Pour réformer utilement le Parti Socialiste, il convient en premier lieu de ne pas se tromper de diagnostic. Il faut tout d’abord lui permettre de débattre des vrais sujets auxquels il est censé apporter des solutions. Personne ne semble s’offusquer que le Parti Socialiste puisse réunir deux ou trois mille militants, pendant trois jours, à l’occasion de son Congrès et en sortir sans qu’aucune décision ne soit prise. La seule façon pour que le Congrès prenne des décisions c’est que l’organe dirigeant sortant du Parti lui soumette une ligne ou un programme politique qu’il puisse amender et adopter ou rejeter à la majorité. Après tant de gâchis, il faudra bien enfin se résoudre à admettre que le temps de la synthèse est révolu.
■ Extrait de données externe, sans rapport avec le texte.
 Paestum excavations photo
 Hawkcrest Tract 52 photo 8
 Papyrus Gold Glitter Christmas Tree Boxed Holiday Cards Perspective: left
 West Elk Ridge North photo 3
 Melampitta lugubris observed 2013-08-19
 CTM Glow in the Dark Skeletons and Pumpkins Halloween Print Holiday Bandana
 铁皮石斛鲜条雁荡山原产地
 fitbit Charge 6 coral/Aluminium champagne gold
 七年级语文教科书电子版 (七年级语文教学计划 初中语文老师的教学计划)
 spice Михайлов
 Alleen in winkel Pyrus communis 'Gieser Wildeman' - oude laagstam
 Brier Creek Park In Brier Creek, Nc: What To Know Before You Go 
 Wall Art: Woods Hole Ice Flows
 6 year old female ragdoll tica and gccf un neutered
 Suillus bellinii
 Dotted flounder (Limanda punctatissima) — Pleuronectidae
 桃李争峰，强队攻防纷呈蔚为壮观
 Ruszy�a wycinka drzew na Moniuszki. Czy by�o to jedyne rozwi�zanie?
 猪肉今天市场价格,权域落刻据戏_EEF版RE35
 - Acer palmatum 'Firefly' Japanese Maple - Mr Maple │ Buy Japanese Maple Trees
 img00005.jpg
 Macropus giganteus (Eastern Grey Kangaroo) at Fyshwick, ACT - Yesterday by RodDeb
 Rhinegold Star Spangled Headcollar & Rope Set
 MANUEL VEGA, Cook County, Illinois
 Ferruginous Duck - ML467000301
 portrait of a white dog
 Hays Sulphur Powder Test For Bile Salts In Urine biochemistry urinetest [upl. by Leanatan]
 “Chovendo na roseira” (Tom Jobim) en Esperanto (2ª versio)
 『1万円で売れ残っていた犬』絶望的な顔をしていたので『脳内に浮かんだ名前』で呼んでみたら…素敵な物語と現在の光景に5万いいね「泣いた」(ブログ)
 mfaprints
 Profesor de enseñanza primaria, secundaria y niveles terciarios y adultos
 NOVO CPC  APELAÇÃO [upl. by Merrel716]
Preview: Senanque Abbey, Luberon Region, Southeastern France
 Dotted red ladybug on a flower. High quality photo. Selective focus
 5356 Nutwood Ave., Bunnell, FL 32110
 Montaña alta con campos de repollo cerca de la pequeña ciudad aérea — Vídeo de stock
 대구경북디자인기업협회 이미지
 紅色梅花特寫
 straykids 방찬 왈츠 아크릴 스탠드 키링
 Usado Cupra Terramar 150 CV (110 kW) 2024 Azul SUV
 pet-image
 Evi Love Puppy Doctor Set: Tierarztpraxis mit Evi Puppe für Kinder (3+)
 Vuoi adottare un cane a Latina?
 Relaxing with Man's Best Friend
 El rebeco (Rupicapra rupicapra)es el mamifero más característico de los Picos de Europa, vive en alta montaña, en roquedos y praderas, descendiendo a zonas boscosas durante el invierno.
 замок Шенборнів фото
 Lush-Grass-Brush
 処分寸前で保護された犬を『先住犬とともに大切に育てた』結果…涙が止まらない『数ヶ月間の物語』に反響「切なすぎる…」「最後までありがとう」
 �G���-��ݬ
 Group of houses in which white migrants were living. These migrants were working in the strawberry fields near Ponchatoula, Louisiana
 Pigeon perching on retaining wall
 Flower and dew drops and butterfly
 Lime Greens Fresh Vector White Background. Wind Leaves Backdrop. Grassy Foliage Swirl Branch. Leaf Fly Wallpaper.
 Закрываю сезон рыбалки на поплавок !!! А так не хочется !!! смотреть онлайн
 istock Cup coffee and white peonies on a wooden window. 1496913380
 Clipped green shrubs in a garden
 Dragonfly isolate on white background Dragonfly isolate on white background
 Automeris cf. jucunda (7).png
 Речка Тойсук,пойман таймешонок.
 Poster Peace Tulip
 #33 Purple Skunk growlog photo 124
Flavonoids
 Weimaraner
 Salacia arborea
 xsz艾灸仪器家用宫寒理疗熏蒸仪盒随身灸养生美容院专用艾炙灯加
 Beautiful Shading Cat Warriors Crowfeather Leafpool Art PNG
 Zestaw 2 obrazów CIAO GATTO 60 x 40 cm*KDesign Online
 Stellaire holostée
On peut, d’autre part, avoir beaucoup de respect pour les adhérents, et en tout cas plus que la majorité des dirigeants du PS n’en ont eu pendant cette période, sans leur faire jouer des rôles qui ne leur reviennent pas. C’est notamment le cas de l’élection du Premier Secrétaire. Autant, il est légitime que les adhérents élisent l’organe politique du Parti dont le Premier Secrétaire est évidemment membre, autant, il n’est pas de leur responsabilité d’élire celui ou celle qui exercera la fonction de Premier Secrétaire. C’est en effet aux membres de l’organe politique du Parti qu’incombe cette responsabilité par le mandat qu’ils ont reçu des adhérents et par la qualité de responsables nationaux que leur confère ce mandat. Un mandat qui les situe au confluent de l’ensemble des éléments d’analyse leur permettant de juger qui est le plus apte à remplir cette fonction. Posture que n’ont pas les adhérents quelles que soient leurs qualités par ailleurs.
A défaut d’avoir, pour l’instant, un système de primaires qui dépasse le cadre du Parti Socialiste stricto sensu, il en est de même pour la désignation du candidat du Parti à l’élection présidentielle. On a mesuré le degré de destruction et d’énergie négative qu’a engendré l’exercice pseudo démocratique de l’automne 2006 dont s’est d’ailleurs savoureusement félicitée…
Une nouvelle époque commence pour le Parti Socialiste. La plus grande qualité qui lui sera nécessaire sera celle qui a manqué au cours des dix dernières années : le courage.